*** Opening DATA SECTION ***

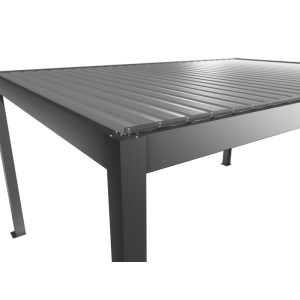 Biohort Pergola 5x3,5m in Quarz-Silber, Detailansicht der Lamellen und Rahmenkonstruktion.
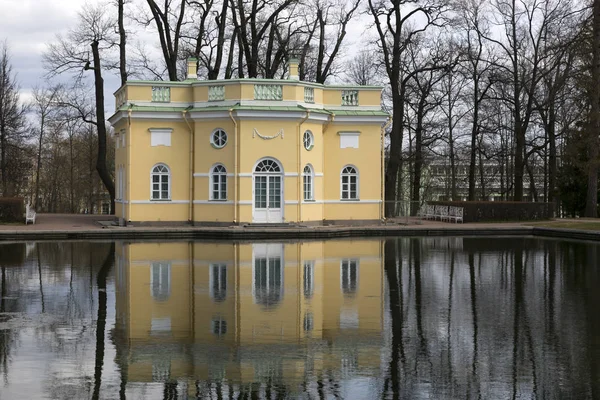 Catherine Park en la ciudad de Pushkin . — Foto de Stock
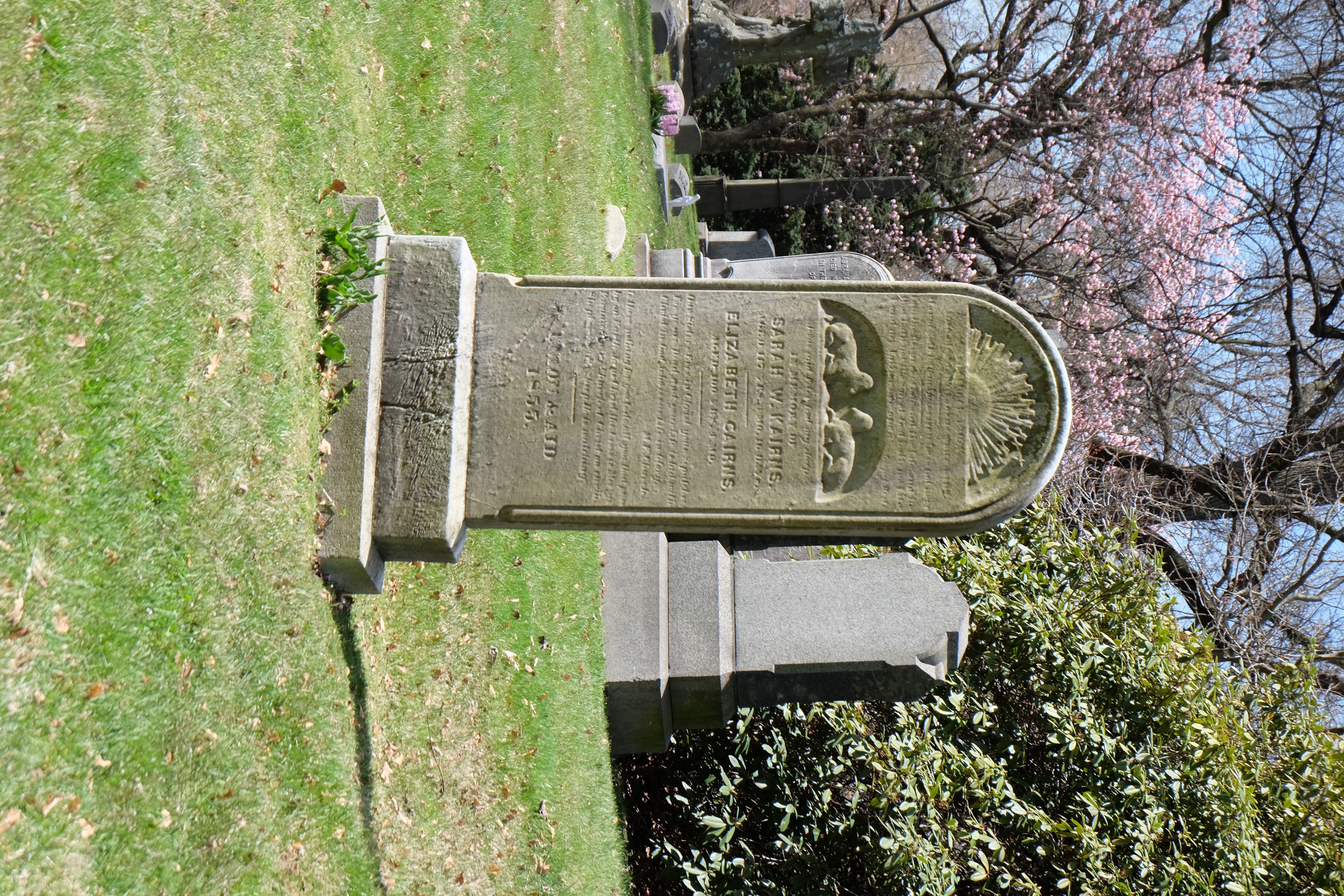 oldest woman in the cemetary with the most kids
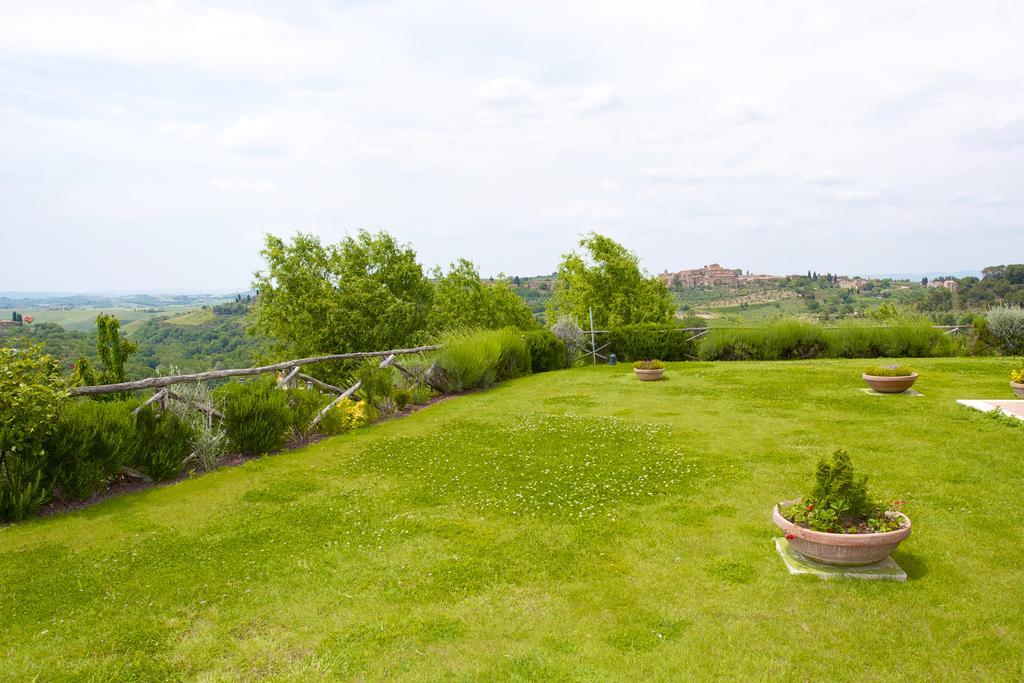 Вилла Casa Sandro A Podere Pascianella Кастельмуцио Номер фото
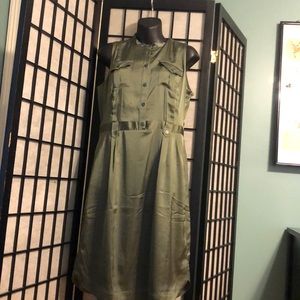 NWT: Banana Republic Silky Olive Green Sleeveless Dress w/Button Detail, pockets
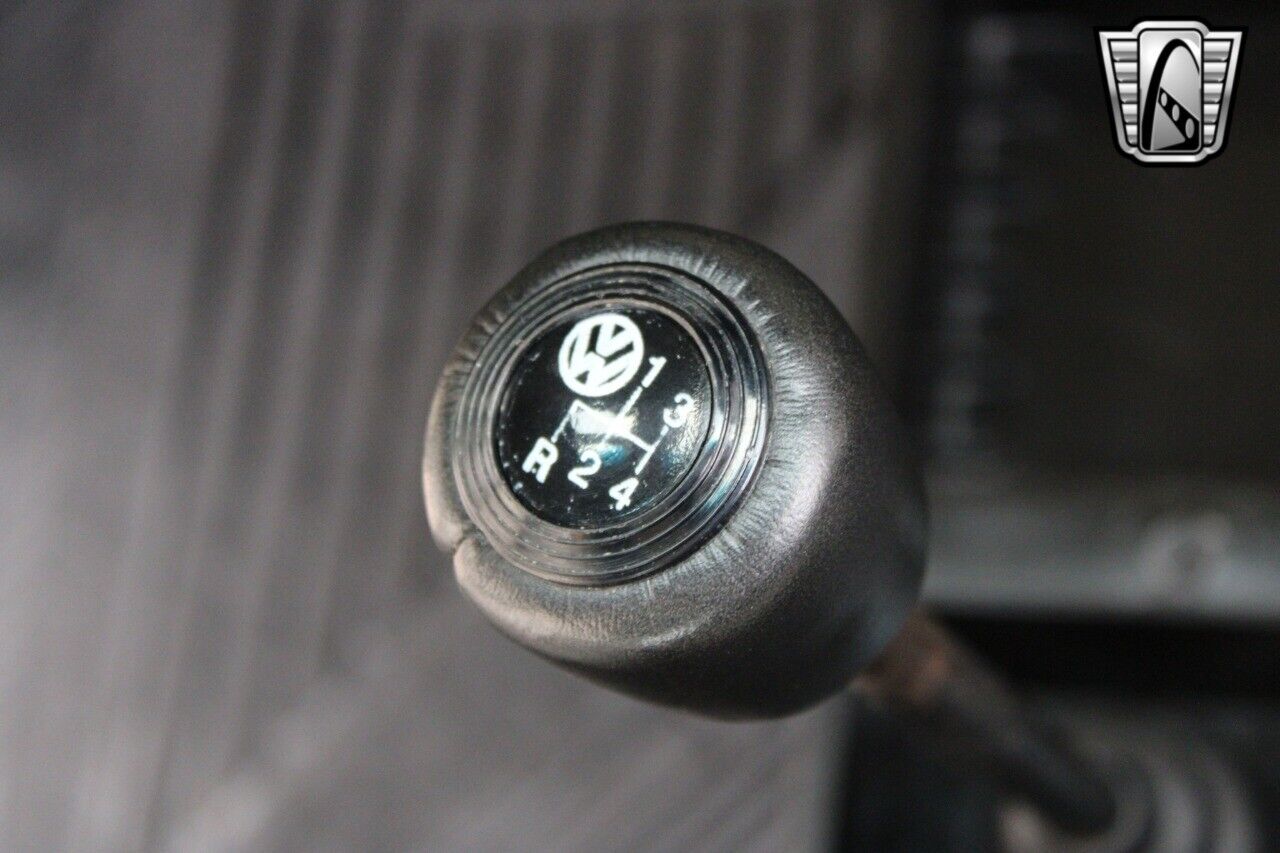 Volkswagen-Beetle-Classic-1994-coupe-29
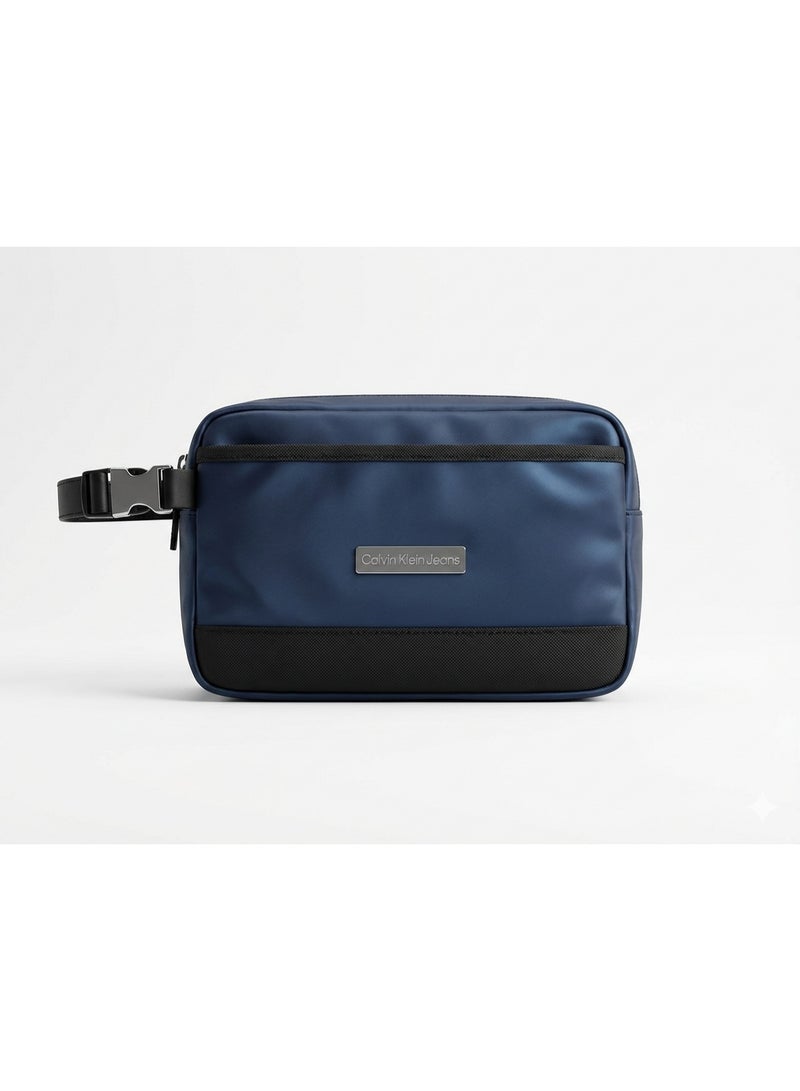 Calvin Klein Jeans Men’s Urban Nylon Reporter Bag – Navy & Black - Image 2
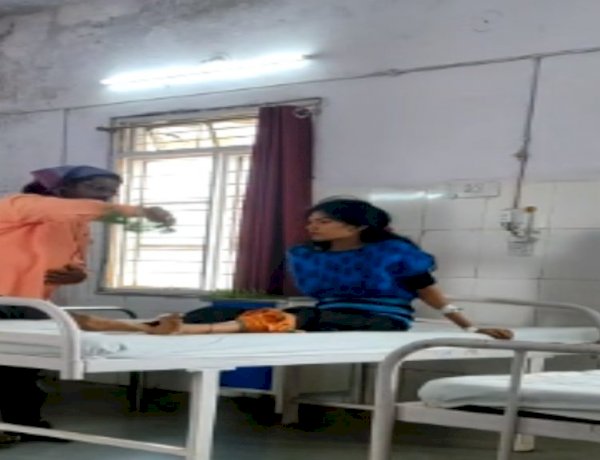 खरगोन: अंधविश्वास ने ली किशोरी की जान, सर्पदंश के बाद दो घंटे तक अस्पताल में चलता रहा झाड़फूंक का ड्रामा खरगोन: अंधविश्वास ने ली किशोरी की जान, सर्पदंश के बाद दो घंटे तक अस्पताल में चलता रहा झाड़फूंक का ड्रामा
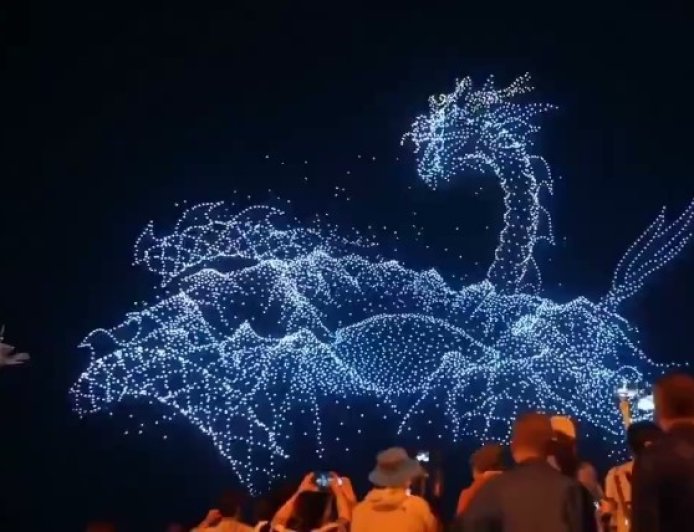 Çin Teknolojisi Gökyüzünde Dans Ediyor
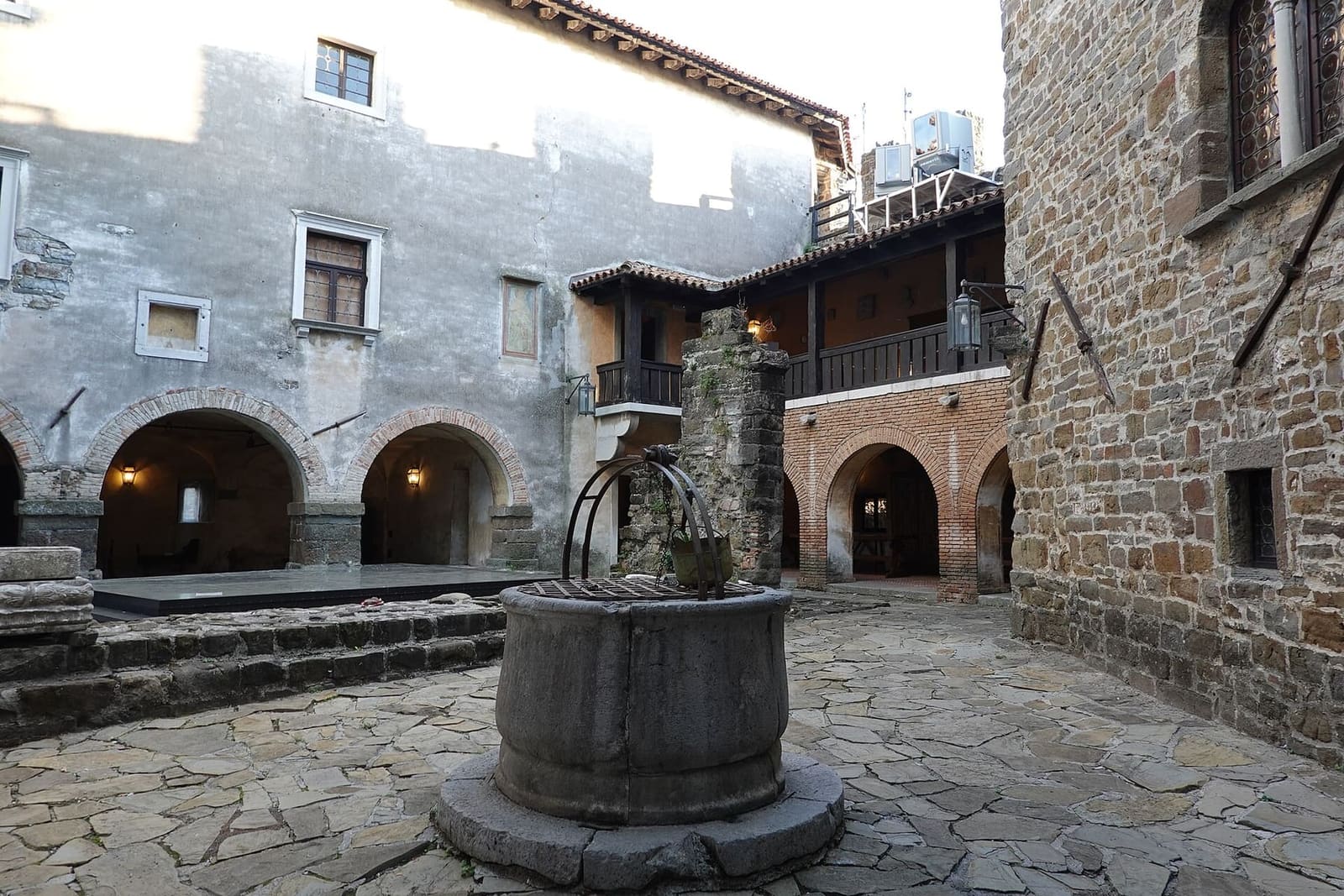 der Innenhof der Burg mit dem Brunnen und den Laubengängen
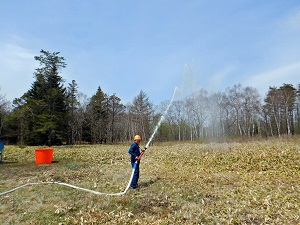 目標地点めがけて放水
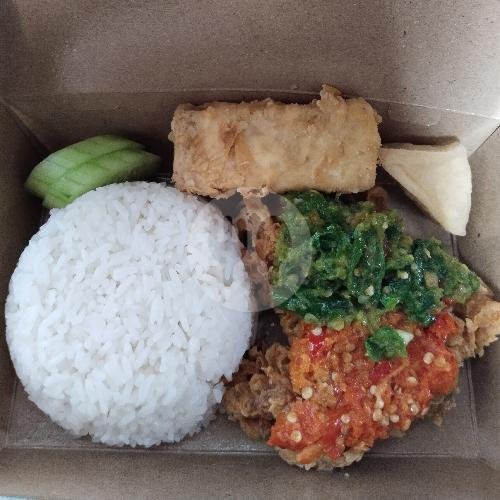 Ayam Geprek Mix 2 Sambal menu Geprek Fiona, Gunung Payung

*** Closing DATA SECTION ***

** AIM OF THE TASK **
Transcribe only these lines, exactly: the first line of the listing, every line after it, and the line with "Calvin Klein Jeans", where the copy ends. Include no picture.

** SOLUTION BELOW **
 Biohort Pergola 5x3,5m in Quarz-Silber, Detailansicht der Lamellen und Rahmenkonstruktion.
 Catherine Park en la ciudad de Pushkin . — Foto de Stock
 oldest woman in the cemetary with the most kids
 Вилла Casa Sandro A Podere Pascianella Кастельмуцио Номер фото
 NWT: Banana Republic Silky Olive Green Sleeveless Dress w/Button Detail, pockets
 Volkswagen-Beetle-Classic-1994-coupe-29
 Calvin Klein Jeans Men’s Urban Nylon Reporter Bag – Navy & Black - Image 2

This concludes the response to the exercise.